*What is needed:*
This exercise calls for the whole listing to be given again exactly, without images.

*Data in this exercise:*
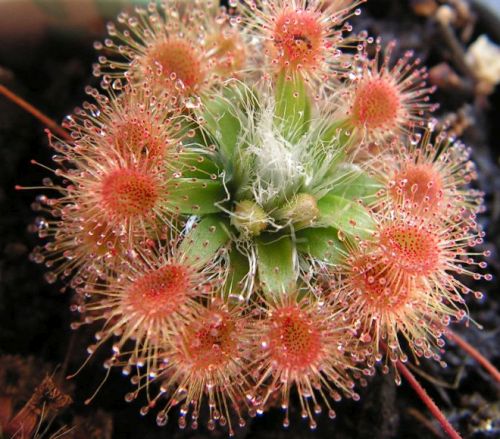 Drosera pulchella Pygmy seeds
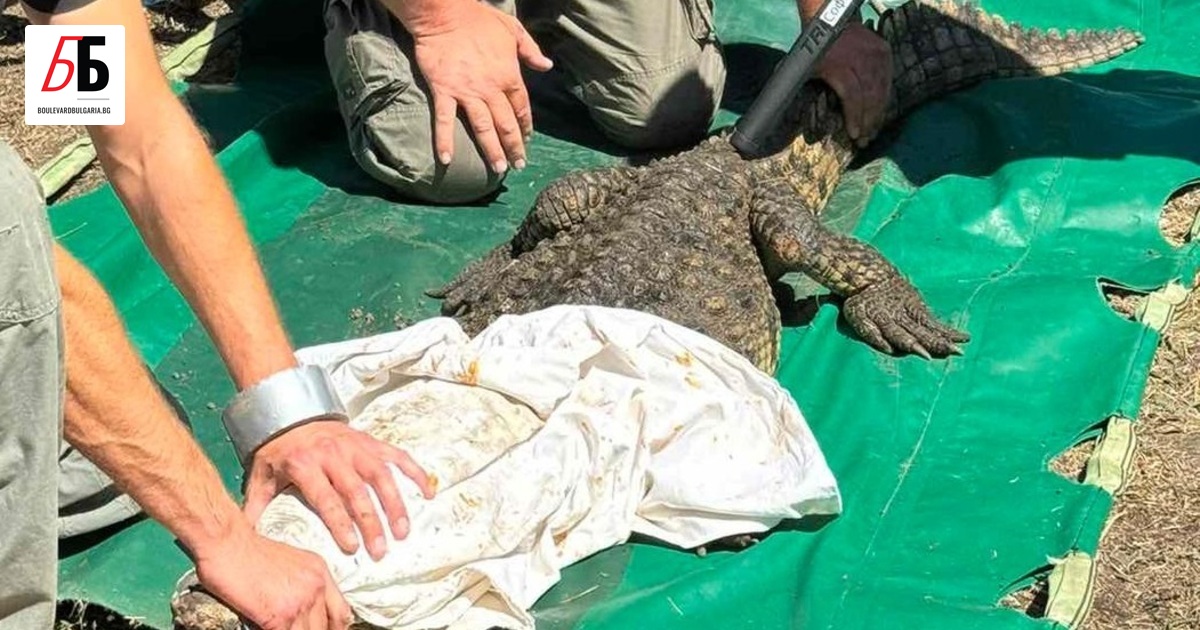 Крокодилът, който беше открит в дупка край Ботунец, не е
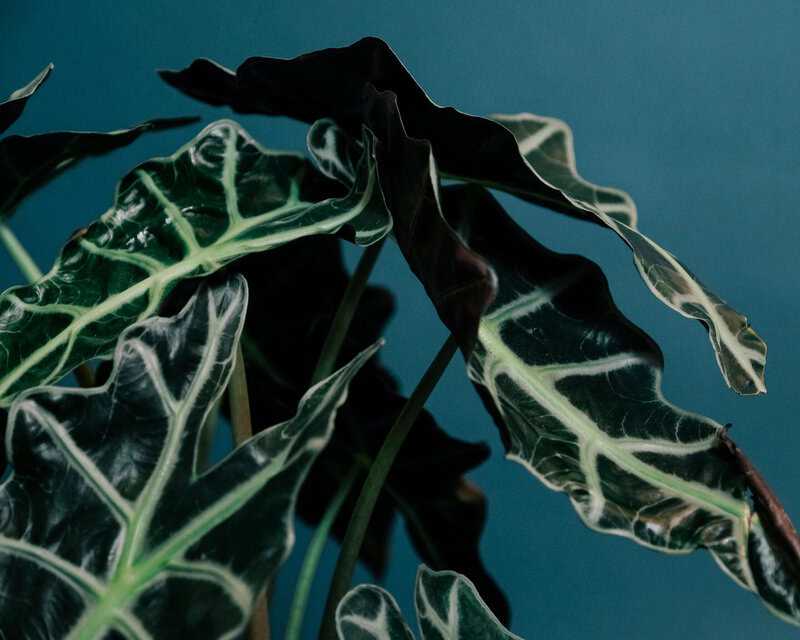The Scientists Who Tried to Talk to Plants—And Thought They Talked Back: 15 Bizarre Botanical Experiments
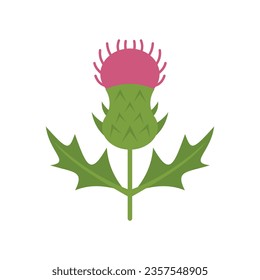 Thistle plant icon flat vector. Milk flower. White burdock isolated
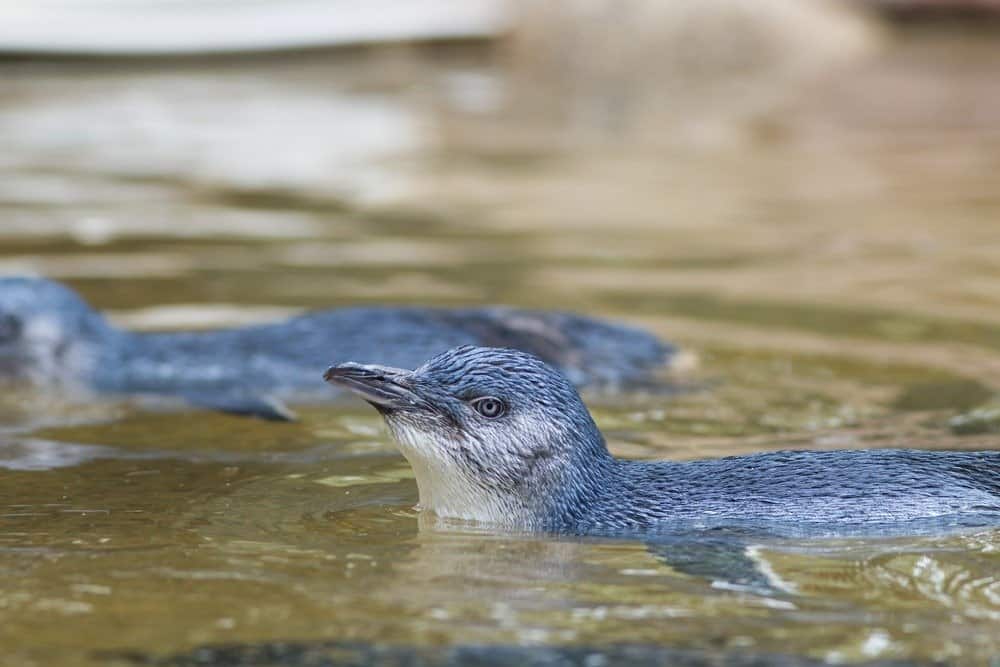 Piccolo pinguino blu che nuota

*Exercise solution:*
 Drosera pulchella Pygmy seeds
 Крокодилът, който беше открит в дупка край Ботунец, не е
The Scientists Who Tried to Talk to Plants—And Thought They Talked Back: 15 Bizarre Botanical Experiments
 Thistle plant icon flat vector. Milk flower. White burdock isolated
 Piccolo pinguino blu che nuota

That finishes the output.